TASK DIRECTIONS. Could you reproduce, word for word, everything below from the line containing "Part C: Al enjoys" down to the line containing "ClipChamp has made", with both of those lines included and no others?
RECORDS PROVIDED START
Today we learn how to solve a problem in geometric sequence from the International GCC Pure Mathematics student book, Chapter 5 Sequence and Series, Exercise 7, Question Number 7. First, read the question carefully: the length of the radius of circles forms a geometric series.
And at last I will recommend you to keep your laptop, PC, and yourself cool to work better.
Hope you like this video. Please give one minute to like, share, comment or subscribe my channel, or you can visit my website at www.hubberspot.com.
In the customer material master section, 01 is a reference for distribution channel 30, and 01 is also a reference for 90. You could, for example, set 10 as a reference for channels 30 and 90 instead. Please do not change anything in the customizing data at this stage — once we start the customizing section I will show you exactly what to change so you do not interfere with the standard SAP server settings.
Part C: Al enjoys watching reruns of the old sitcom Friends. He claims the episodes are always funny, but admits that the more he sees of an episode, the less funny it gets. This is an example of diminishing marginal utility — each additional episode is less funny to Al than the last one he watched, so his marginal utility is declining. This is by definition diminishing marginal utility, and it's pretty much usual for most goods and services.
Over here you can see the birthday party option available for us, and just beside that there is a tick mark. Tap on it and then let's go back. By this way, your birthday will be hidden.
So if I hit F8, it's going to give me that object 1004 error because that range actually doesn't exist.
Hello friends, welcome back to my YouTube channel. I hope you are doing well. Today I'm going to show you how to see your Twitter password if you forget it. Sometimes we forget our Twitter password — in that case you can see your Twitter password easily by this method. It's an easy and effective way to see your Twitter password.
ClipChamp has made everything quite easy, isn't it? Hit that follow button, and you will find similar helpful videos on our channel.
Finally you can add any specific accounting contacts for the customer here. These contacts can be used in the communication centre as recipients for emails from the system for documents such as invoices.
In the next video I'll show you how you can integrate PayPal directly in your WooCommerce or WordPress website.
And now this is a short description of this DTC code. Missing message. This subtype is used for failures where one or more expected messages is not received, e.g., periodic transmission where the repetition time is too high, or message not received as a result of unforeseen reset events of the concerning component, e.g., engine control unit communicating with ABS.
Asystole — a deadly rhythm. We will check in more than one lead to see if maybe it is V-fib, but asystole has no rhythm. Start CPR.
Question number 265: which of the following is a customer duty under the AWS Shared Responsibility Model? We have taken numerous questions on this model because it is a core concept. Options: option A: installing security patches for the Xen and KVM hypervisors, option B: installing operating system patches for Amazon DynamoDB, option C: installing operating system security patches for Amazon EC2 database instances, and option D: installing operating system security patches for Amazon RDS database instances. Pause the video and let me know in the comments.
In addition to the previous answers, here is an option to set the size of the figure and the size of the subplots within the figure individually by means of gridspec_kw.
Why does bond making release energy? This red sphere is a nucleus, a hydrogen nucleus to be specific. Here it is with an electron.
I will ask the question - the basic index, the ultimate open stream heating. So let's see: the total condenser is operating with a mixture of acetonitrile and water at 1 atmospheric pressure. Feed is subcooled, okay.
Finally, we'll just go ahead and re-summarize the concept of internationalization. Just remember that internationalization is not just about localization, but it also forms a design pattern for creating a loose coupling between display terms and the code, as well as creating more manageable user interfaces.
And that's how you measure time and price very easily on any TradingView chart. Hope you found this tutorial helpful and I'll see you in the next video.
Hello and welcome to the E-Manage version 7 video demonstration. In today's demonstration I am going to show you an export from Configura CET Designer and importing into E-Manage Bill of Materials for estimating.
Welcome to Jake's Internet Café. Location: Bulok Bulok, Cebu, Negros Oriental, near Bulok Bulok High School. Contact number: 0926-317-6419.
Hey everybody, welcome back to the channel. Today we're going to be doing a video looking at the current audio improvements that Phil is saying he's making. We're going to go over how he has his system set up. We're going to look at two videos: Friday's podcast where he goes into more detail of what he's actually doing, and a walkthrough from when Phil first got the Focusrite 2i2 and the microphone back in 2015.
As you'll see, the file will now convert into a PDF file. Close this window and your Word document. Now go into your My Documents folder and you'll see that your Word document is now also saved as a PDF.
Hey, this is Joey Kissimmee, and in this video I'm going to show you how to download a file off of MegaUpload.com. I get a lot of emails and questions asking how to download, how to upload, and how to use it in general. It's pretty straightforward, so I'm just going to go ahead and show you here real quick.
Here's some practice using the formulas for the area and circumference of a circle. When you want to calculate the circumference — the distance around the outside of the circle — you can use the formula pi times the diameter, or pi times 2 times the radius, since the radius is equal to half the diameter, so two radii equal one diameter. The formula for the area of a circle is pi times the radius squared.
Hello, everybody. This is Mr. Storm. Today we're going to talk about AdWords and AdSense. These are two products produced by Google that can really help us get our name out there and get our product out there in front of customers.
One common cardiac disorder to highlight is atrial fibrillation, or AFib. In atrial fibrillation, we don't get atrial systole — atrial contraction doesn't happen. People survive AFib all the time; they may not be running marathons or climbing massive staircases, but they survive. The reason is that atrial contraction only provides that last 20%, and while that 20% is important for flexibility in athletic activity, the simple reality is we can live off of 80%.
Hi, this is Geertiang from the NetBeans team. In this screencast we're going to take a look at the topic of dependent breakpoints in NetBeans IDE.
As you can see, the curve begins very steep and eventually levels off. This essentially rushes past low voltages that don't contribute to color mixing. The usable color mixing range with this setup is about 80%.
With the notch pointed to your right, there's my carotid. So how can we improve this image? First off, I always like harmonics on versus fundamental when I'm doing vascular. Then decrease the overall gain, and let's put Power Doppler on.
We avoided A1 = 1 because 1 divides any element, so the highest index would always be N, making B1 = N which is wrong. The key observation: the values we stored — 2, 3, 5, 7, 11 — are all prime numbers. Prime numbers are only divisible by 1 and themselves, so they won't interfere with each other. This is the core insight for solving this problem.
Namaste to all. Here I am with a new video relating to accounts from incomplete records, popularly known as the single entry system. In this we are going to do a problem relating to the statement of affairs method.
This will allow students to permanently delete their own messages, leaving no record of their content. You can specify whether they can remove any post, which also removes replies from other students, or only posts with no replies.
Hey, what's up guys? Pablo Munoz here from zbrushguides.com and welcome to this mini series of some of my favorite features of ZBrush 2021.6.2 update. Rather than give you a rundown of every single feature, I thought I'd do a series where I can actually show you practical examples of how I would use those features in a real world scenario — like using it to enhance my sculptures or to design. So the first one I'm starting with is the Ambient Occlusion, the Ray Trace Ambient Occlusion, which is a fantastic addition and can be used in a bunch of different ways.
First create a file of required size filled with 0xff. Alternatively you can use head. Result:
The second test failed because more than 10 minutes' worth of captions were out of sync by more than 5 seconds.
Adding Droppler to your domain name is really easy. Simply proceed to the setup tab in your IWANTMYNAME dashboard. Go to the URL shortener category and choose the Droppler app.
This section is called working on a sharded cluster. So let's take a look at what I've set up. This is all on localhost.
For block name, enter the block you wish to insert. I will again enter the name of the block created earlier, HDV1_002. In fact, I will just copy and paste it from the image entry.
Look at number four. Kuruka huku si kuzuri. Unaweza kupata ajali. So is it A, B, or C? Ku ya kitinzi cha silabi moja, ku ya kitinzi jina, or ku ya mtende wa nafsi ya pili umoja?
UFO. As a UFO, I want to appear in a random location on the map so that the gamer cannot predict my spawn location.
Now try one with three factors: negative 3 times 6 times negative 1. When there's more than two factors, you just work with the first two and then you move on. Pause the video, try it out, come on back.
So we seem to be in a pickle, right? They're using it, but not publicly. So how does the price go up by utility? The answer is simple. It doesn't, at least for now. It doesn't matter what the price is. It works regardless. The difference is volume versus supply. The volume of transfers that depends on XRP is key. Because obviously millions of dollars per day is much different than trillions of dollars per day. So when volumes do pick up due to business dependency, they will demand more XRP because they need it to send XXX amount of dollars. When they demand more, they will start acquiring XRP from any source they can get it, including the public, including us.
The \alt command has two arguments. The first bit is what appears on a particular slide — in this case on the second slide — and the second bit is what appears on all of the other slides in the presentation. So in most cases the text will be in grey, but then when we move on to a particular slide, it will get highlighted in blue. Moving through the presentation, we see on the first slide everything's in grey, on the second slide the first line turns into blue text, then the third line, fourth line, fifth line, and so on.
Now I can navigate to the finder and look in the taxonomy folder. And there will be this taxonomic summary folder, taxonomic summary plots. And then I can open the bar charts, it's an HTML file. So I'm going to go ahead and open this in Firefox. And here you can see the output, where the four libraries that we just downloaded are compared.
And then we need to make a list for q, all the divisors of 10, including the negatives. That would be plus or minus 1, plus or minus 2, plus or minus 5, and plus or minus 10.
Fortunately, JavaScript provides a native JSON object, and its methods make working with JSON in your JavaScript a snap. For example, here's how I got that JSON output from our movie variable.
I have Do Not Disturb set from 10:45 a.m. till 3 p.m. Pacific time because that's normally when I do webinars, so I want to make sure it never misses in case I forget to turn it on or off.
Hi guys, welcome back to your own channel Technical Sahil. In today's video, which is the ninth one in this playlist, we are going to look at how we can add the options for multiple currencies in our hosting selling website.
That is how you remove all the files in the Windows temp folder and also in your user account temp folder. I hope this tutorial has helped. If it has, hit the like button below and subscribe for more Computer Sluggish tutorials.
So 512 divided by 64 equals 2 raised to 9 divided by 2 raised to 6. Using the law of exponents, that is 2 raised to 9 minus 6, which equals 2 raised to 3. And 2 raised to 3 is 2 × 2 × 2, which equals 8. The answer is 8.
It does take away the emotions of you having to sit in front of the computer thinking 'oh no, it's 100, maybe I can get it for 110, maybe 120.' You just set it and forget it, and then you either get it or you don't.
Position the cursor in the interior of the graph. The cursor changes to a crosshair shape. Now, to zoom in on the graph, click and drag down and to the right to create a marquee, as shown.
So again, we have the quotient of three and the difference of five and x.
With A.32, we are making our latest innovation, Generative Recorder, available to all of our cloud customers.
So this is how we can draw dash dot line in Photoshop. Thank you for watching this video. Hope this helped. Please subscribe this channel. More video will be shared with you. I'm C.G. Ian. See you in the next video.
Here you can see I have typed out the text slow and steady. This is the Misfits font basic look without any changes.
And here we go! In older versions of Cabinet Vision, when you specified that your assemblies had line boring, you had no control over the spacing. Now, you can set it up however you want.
RECORDS PROVIDED END
ANSWER BOX.
Part C: Al enjoys watching reruns of the old sitcom Friends. He claims the episodes are always funny, but admits that the more he sees of an episode, the less funny it gets. This is an example of diminishing marginal utility — each additional episode is less funny to Al than the last one he watched, so his marginal utility is declining. This is by definition diminishing marginal utility, and it's pretty much usual for most goods and services.
Over here you can see the birthday party option available for us, and just beside that there is a tick mark. Tap on it and then let's go back. By this way, your birthday will be hidden.
So if I hit F8, it's going to give me that object 1004 error because that range actually doesn't exist.
Hello friends, welcome back to my YouTube channel. I hope you are doing well. Today I'm going to show you how to see your Twitter password if you forget it. Sometimes we forget our Twitter password — in that case you can see your Twitter password easily by this method. It's an easy and effective way to see your Twitter password.
ClipChamp has made everything quite easy, isn't it? Hit that follow button, and you will find similar helpful videos on our channel.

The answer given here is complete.